Honestly, when I started citalopram for anxiety and panic I genuinely thought I hadn't been depressed for a couple of years, and then when it properly kicked in I realised how wrong I was! Just because I hadn't been critically, crisis-point depressed in a while I hadn't realised that I was still feeling lower than I should have been, it's been an absolute game-changer for me

@OliverBabish "Regularly turn away" is a blanket statement, yes, but is not the same as "always/almost always turn away", which is how you seem to be interpreting it. It's also true: many mental health services reject significant numbers of referrals on paper, and a further percentage are sent back to the GP after a single assessment appointment with a nurse. It's extremely misleading to tell people who are suffering that they can go to their GP, who will refer, and then they will get expert input from a consultant psychiatrist.

It's also the case that Pumpkin's DH is clearly already being treated, and if this is by the GP, then the GP has likely already considered whether it's worth a referral. Though it can't hurt to prod them.

@HeadphoneProliferation no referrals are dismissed on paper, that’s not how it works.

Perhaps not at your trust?
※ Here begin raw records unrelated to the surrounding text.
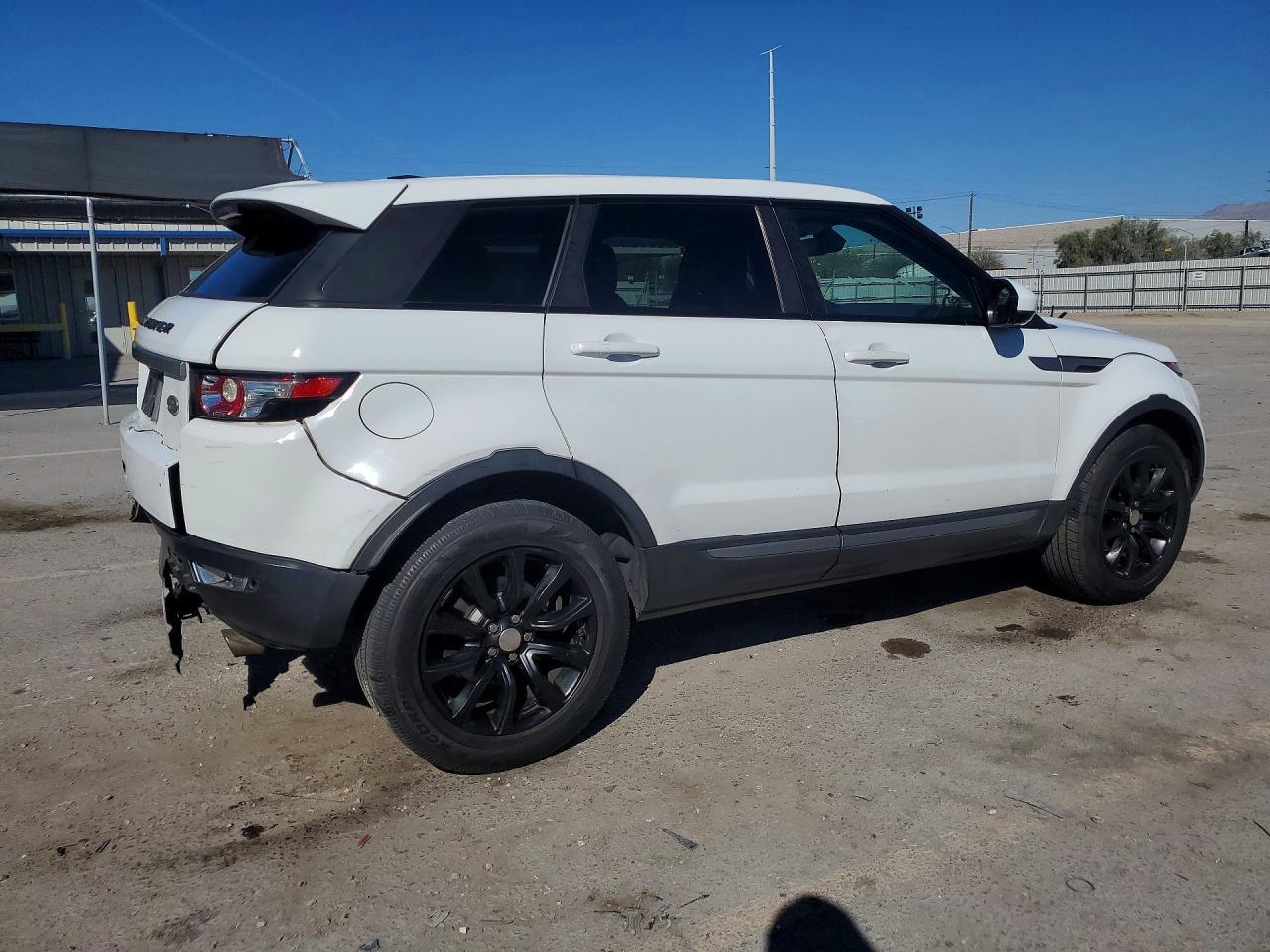 2014 Land Rover Range Rover Evoque Pure - Image 3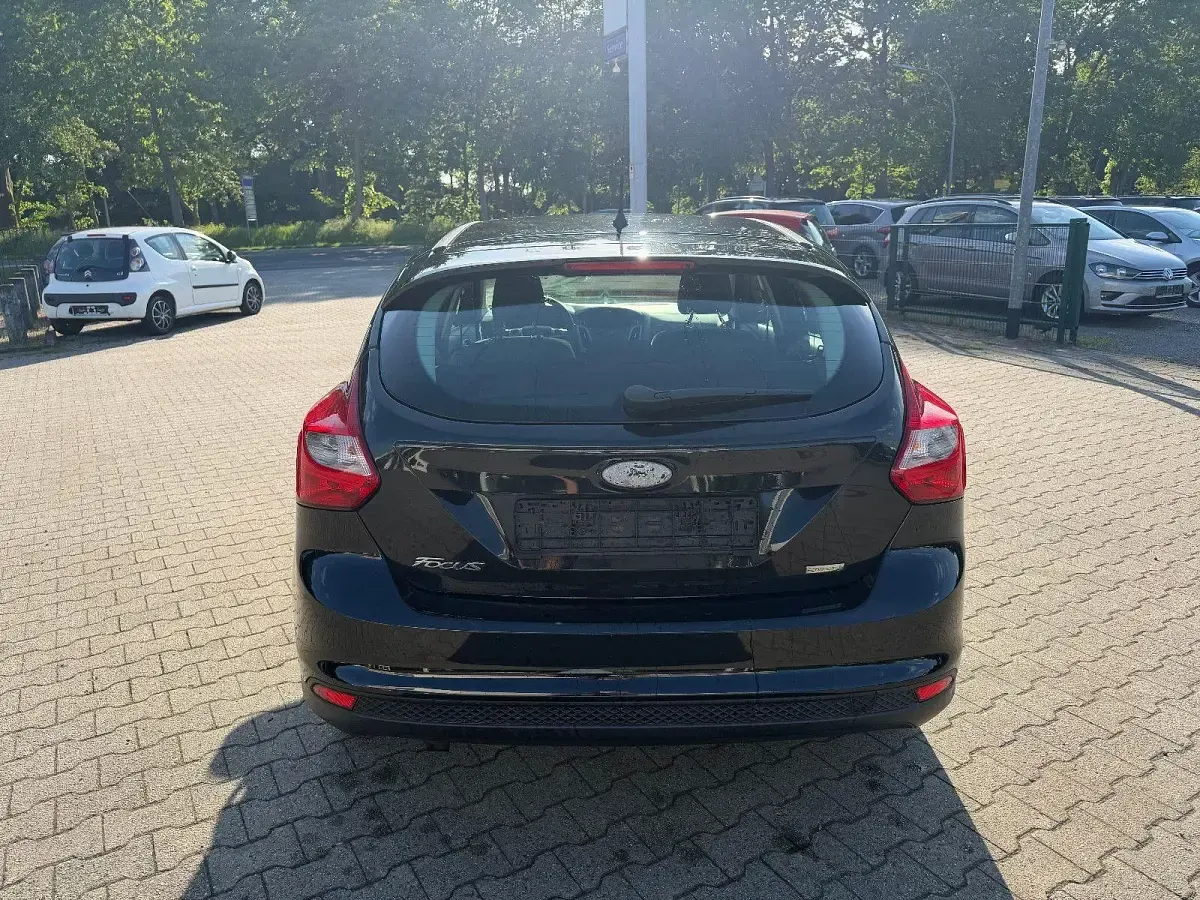Gebraucht Ford Focus Trend 101 PS (74 kW) 2013 Schwarz Kleinwagen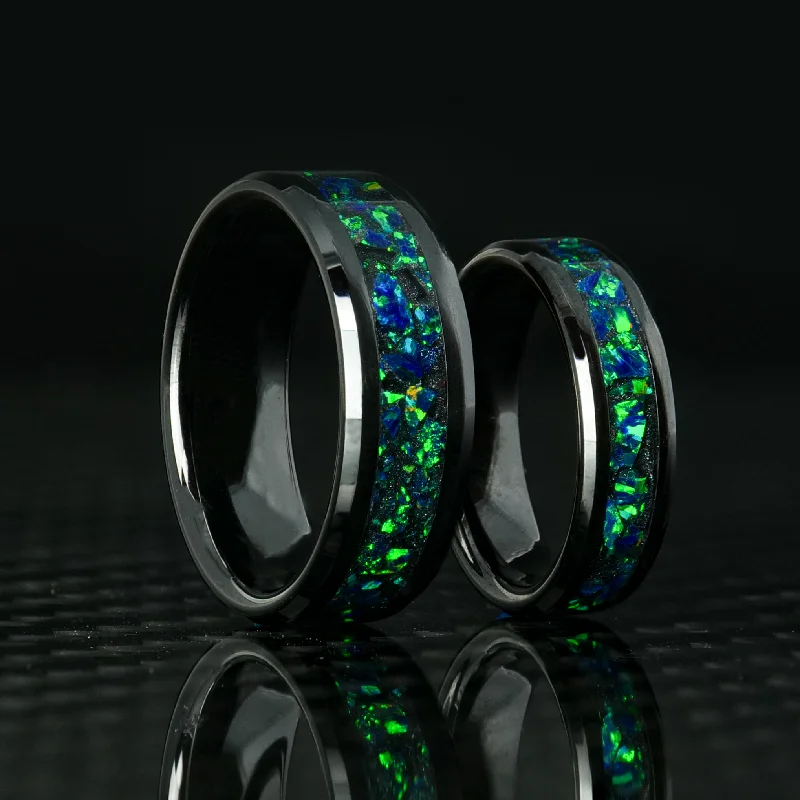 Shimmering jade ring-Matching Black Emerald Opal Glowstone Wedding Ring Set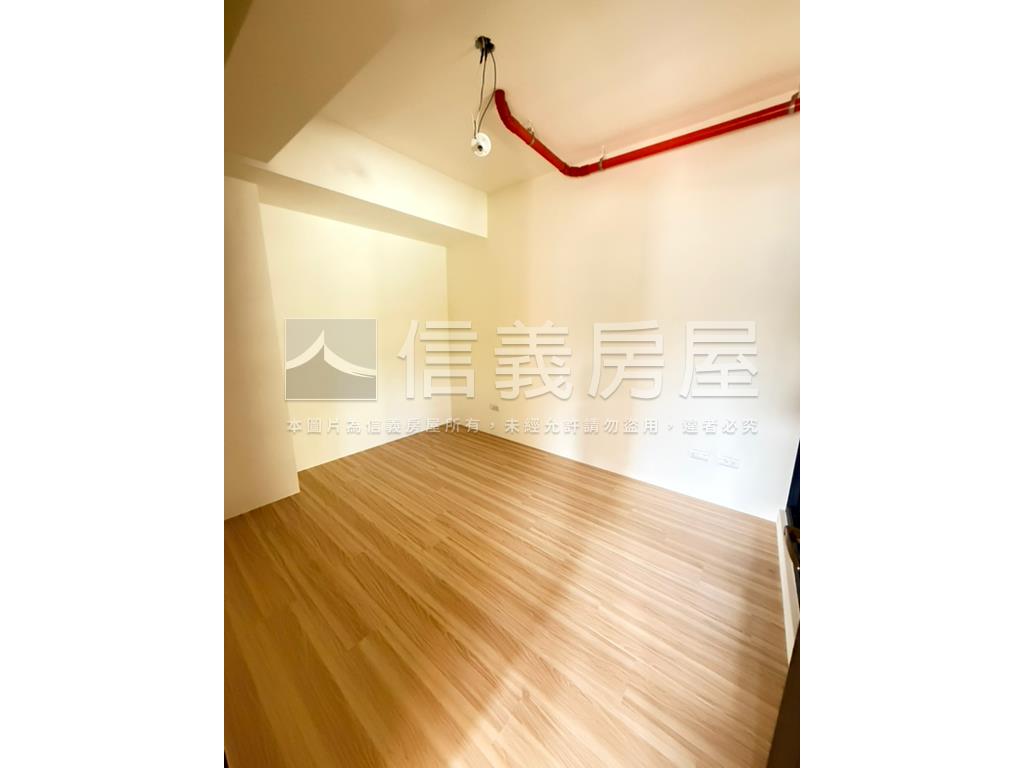 １２淳四房雙車位Ａ房屋室內格局與周邊環境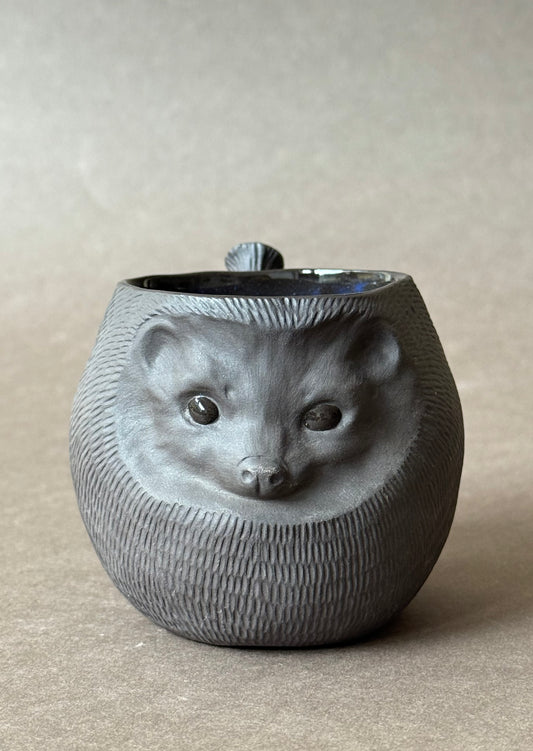 Little Semi-porcelain Hedgehog with platinum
Because I have a letter that proves my local trust very much does 😂

@HeadphoneProliferation I thought this might be the case from your posts. Secondary mental health services are generally risk adverse, and so, yes, across my trust, all referrals are assessed. This is best practice. I stand by what I said in my post to pumpkin - I was describing the process. I can understand why you’ve taken offence as you didn’t receive the care that you felt you needed, but generally, the process does work as it should.

Oh, you think I've taken personal umbrage? No, I'm currently under secondary services for my bipolar disorder; the specific refusal I'm referring to was due to an error by my GP in their first referral (the one refused on paper as not meeting their threshold) leaving out a piece of info that makes it clear I fit criteria. I mentioned it purely because it's concrete proof that paper-only refusals of referrals are a Thing.

I'm speaking more from experience of many, many friends and acquaintances having GP referrals returned on paper, or receiving a single assessment with a nurse before being discharged back to GP.

(I'd moved area and needed feeding back into the system by the GP, because for some reason the transfer of care didn't work out.)

This is becoming exhausting. Okay, headphones.

Perhaps your trust is able to provide all the help that people need — I just feel that the tone of your posts risks giving people false hope, by promising them help that may not be available to them, and wanted to sound a note of caution.